Amid the grand inspiration and insight which God gave to the apostle Paul, God gave him something else.  He calls it “a thorn in the flesh, a messenger of Satan to torment” him (2 Corinthians 12:7), much as God allowed Satan to inflict the ancient sufferer Job.  

What was this “thorn?”  Was it epilepsy, migraine headaches, severe eye trouble which he seems to hint at in Galatians (4:15 & 6:11), facial disfigurement, malaria, a speech impediment?  The guesses go on.  Paul simply does not say. Perhaps that is because the Lord would rather leave it indefinite.  You and I each have our own particular thorn. God wants us to plug in our own difficulty and apply these words of Paul to ourselves.

Whatever this “thorn” was, it must have been a nagging, persistent problem.  Many of the things we struggle with are like that.  TV shows condition us to look for immediate solutions to crises in our lives – everything neatly resolved in half an hour minus commercials.   But some difficulties drag on.  Some crosses we carry all our lives.  Some pain persists till we die.  Some conflicts defy our best attempts to resolve them.

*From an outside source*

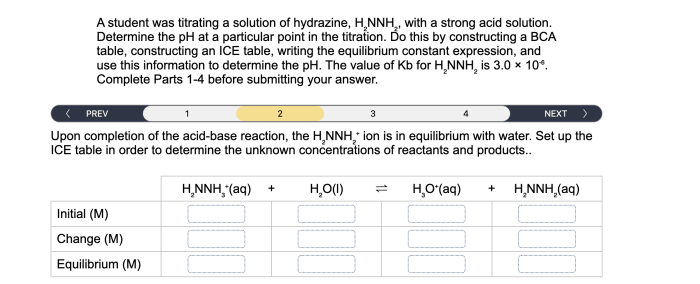 A student was titrating a solution of hydrazine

Three times, says Paul, I presented my case to God about this thorn in the flesh.  Three times I came to the conclusion that the gospel could not be effectively preached, the Christian life effectively lived if I had to work with this thorn, this disadvantage, this handicap.   But God said: “My grace is sufficient for you, because My power is made perfect in weakness.”  

The power of God’s grace and goodness unfold for us in our weakness.  Christ’s power pitches its tent over us amid the thorns and thistles of life.  

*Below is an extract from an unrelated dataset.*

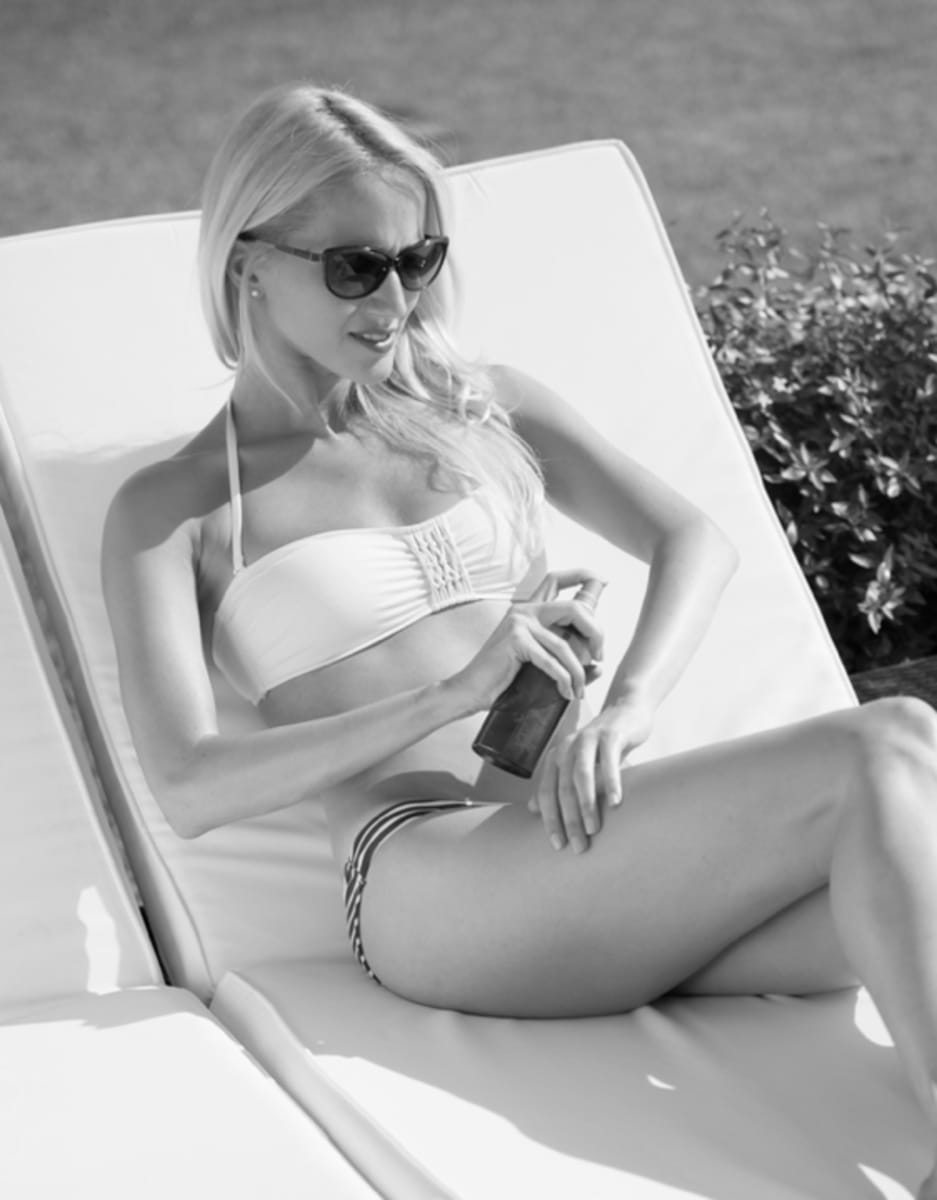 lady sun bathing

Would Joseph have ever ruled over Egypt and saved Israel’s household if he had never been sold into slavery by his brothers and then unjustly imprisoned in the first place?  He himself said as much to his brothers:  “You intended to harm me, but God intended it for good.”    Could Moses have led God’s people if he had never been schooled in the desert of Midian for forty years?    Would the story of David and Goliath be the same if he were two feet taller than Goliath and had gone up against him with a bazooka instead of a sling?    Or what of the man born blind who Jesus healed?  Jesus sees what you and I might miss entirely.  He sees the handwriting of God on the tablet of his tragic life.  He sees the roses which bloom amid the thorns.

We belong to a Savior who endured a literal “crown of thorns.”  He became weak to win, stooped to conquer, died to give us life.  It ought not surprise us the He who went to the cross to redeem us asks us to carry a cross and endure a thorn or two to mark us as His very own.  Amid the thorns, the roses will bloom.